UK Uncut is wrong about tax avoidance
The group claims that public sector cuts would be unnecessary if our corporate giants abandoned – perfectly legal – arrangements by which taxes are paid in offshore jurisdictions with low rates. It is claimed that as much as £100 billion is lost annually to the Exchequer by such devices. If this could all be recovered it would be unnecessary to make public spending cuts which will amount over the next few years to around £80 billion.
It does sound appealing to those who think that all public spending, wherever and whatever, is fully justified. Such people are probably a fairly small minority, but of course every possible cut has its vociferous opponents who make common cause against any government attempting to keep a grip on public spending.
However, UK Uncut is not very realistic. For one thing corporation tax is not a major contributor to our tax base. This year it is scheduled to bring in £40 billion or so, a sum which is dwarfed by Income Tax (£150 billion), National Insurance (£100 billion) or VAT (£80 billion). Even if it suddenly doubled – a very optimistic assumption indeed – spending cuts or increases in other taxes would still be necessary.
I have no idea where UK Uncut gets this figure of £100 billion. It resembles those estimates of the size of the shadow economy (cash in hand for builders, cleaners etc) which could probably bring in £50 billion a year if everybody paid their taxes and nothing else changed. In fact it wouldn’t of course: fully taxed, much shadow economy work wouldn’t be worth doing or paying for. The same goes for corporation tax. Economic activity would just switch abroad where most manufacturing and many service industries could easily service the UK market.

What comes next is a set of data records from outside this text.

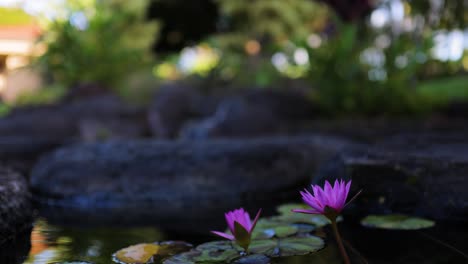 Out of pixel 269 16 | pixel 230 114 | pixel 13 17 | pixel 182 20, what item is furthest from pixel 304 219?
pixel 13 17

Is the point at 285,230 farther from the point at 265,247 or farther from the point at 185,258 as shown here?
the point at 185,258

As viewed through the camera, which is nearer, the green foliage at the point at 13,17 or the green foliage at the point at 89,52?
the green foliage at the point at 89,52

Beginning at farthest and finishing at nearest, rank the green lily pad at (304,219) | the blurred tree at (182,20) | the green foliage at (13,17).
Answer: the green foliage at (13,17), the blurred tree at (182,20), the green lily pad at (304,219)

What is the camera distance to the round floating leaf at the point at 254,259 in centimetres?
112

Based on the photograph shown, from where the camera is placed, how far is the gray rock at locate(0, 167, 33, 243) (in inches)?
56.9

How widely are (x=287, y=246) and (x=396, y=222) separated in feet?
1.48

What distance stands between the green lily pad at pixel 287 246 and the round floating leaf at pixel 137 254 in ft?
0.91

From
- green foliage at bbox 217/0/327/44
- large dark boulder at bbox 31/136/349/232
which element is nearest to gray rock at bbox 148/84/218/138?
large dark boulder at bbox 31/136/349/232

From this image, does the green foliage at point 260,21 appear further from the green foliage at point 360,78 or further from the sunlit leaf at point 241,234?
the sunlit leaf at point 241,234

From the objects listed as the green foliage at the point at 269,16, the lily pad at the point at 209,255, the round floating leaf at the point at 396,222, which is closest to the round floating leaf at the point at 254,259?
the lily pad at the point at 209,255

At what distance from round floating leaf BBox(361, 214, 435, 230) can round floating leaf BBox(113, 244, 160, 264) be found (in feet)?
2.32

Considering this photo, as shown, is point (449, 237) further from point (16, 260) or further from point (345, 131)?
point (345, 131)

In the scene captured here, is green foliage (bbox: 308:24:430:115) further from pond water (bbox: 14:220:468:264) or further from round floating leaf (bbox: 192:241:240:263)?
round floating leaf (bbox: 192:241:240:263)

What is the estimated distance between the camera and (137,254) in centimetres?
124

Many of the predominantly young protestors see paying maximum tax as some sort of moral responsibility. In a very small closed economy where we were all able to vote on tax levels and public spending they might have a stronger case. In reality tax is arbitrary (look at this week’s announcement about the bank levy), difficult to predict and adopted for blatantly political rather than economic reasons. We are offered no choice of policies before elections. Rates are in many cases probably set above the revenue-maximising level (for instance the 50% income tax band) out of prejudice, spite or plain ignorance. And of course in many cases tax avoidance schemes are made necessary because of potential double taxation where national jurisdictions overlap.

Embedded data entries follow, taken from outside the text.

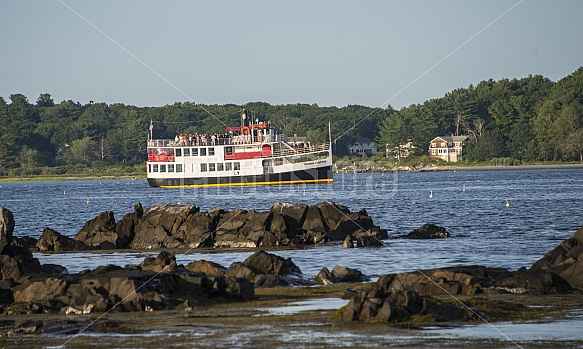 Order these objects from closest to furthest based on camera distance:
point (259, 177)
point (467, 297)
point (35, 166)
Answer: point (467, 297)
point (259, 177)
point (35, 166)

We all avoid tax, often quite unconsciously. If tax on petrol goes up, people drive less. If the duty on a packet of fags goes up, the IEA’s Director General probably cuts down on his wicked habit. Should they public-spiritedly decide to keep on driving and smoking as much as before in order to boost government revenue?
So why should firms pay higher taxes than they need to do? It isn’t company boards’ money to give away, after all. They are custodians of the assets of the shareholders, which will be worth less if, in a fit of misguided generosity, excessive tax is paid. This means that pension funds and other financial intermediaries will be able to return less to millions of ordinary people who have not been consulted about their munificence. My 90-year-old parents oop north would suffer to keep open Arts Centres in Islington or support Diversity Officers in Hackney.
We need to reform the tax system urgently. Part of this would be a fundamental rethink on corporate taxation which would obviate the need for some of the admittedly bizarre arrangements which UK Uncut are highlighting. But we would still need to have a downsizing of the role of state spending which the coalition, to its credit, has at least made a start on.